The recursion starts with: r_1 = \xi_1 and p_1 = init\_price.
The function sim_ou() simulates the percentage returns as equal to
the difference between the equilibrium price \mu minus the latest
price p_{i-1}, times the mean reversion parameter \theta, plus
a random normal innovation.
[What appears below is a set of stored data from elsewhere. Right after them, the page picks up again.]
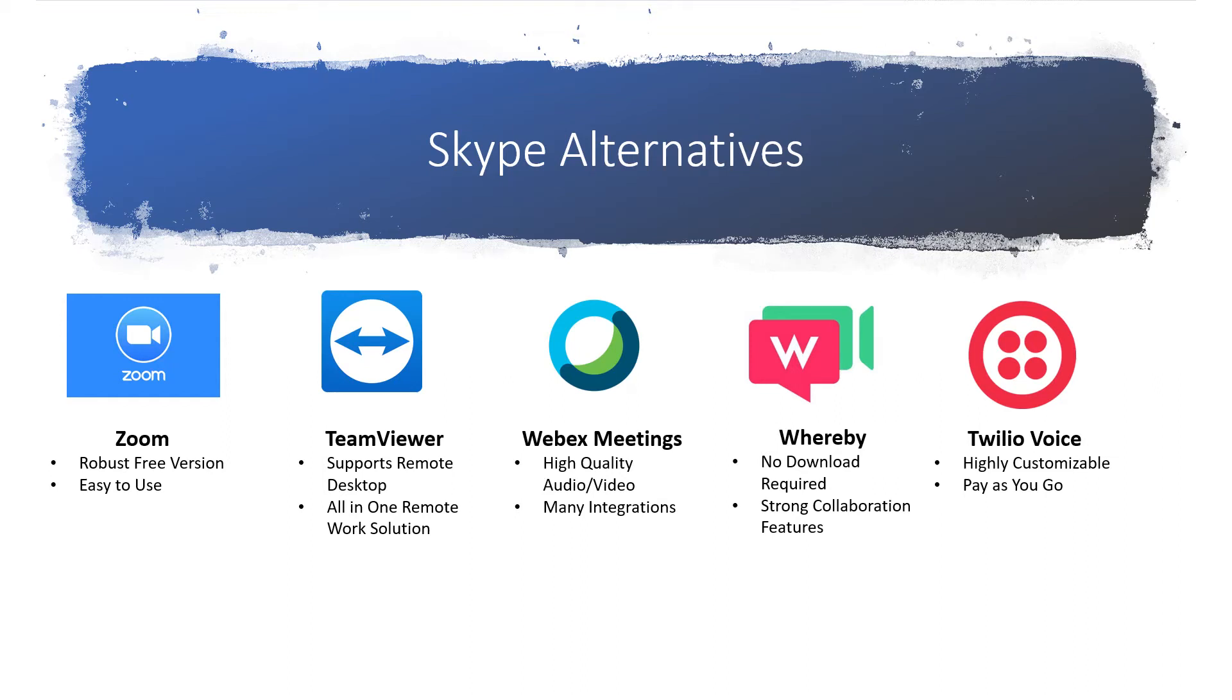Web conferencing tools have become an essential part of running a business, and historically, there's been no name more associated with web conferencing than Skype. Over the last couple of years, Skype has been tipping in popularity, and a number of other contenders have come to the forefront. I'm Brian McKenzie with TrustRadius, and I'm going to be going over the best Skype alternatives for businesses that are looking for a web conferencing solution.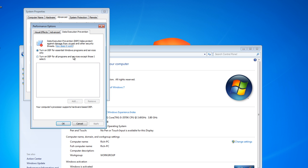So you want to just turn it on for all programs except those I select. So to select them, you have to add them first.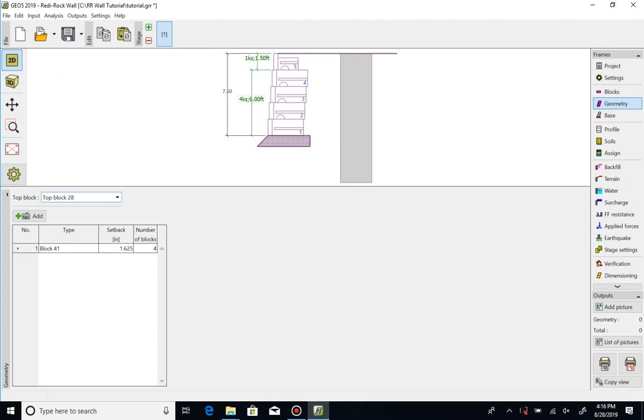We have a few choices for top block, which is selected by the top block pull down menu. We'll use the 28 inch top block.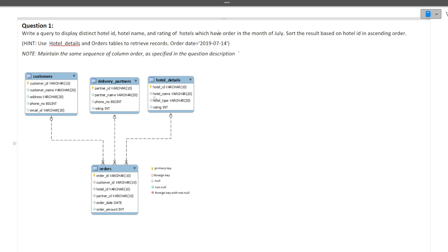We need to print hotel name, hotel type, and rating of hotels which have orders in the month of July. The order date is inside the orders table. The details we need to print are in the hotel details table, and the condition — that they should have an order in July — is in the orders table. The other two tables are not needed here.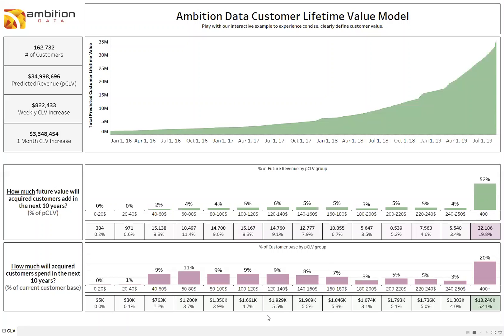Hey everyone, Michael from Ambition Data here, and this is our customer lifetime model example. This is created to exemplify what it looks like when we surface your customer's lifetime value. We take your transactional data, clean it up, and run it through a model which predicts the future spend of your current customers.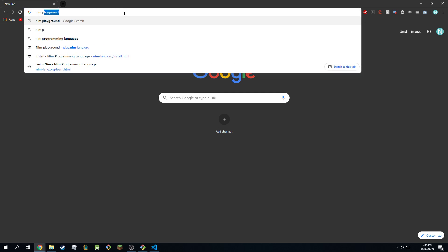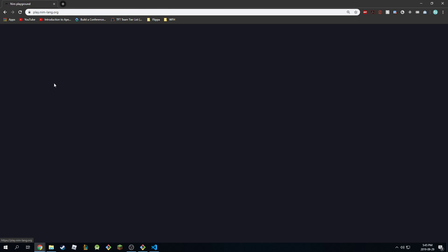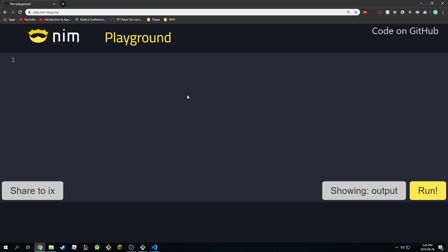You're just going to type in Nim Playground on Google, click the first link, and there you go, you're on the Playground.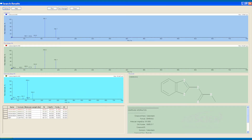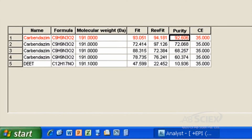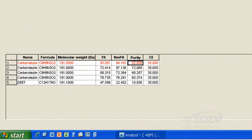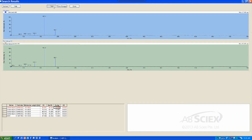Step 5: Review the Library Search Table. The key parameters of interest are the Fit, the Reverse Fit, and the Purity Score. High values for these mean good correspondence between your unknown spectrum and your library spectrum, giving you higher levels of confidence in the ID of that unknown peak.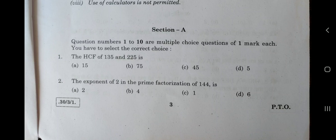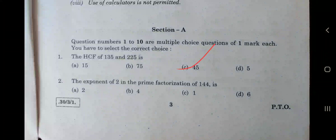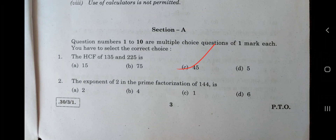Question 1: the HCF of 135 and 225. The answer to question 1 is C, that is 45. Question number 2: the exponent of 2 in the prime factorization of 144. The answer to question 2 is B. Hope this is clear.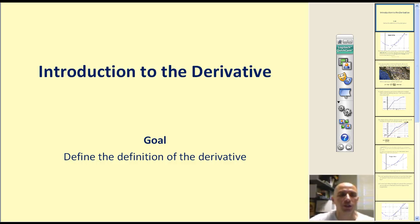Welcome to an introduction to the derivative. The goal of this video will be to define the definition of the derivative.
The log prices are calculated as the sum of
returns (not compounded), so they can become negative.
The function sim_ou() simulates the Ornstein-Uhlenbeck
process using fast Rcpp C++ code.
The function sim_ou() returns a single-column matrix
representing the time series of simulated prices.
Value
A single-column matrix of simulated prices, with the same
number of rows as the argument innov.
Examples
## Not run:
# Define the Ornstein-Uhlenbeck model parameters
init_price <- 0.0
eq_price <- 1.0
sigmav <- 0.01
thetav <- 0.01
innov <- matrix(rnorm(1e3))
# Simulate Ornstein-Uhlenbeck process using Rcpp
prices <- HighFreq::sim_ou(init_price=init_price, eq_price=eq_price, volat=sigmav, theta=thetav, innov=innov)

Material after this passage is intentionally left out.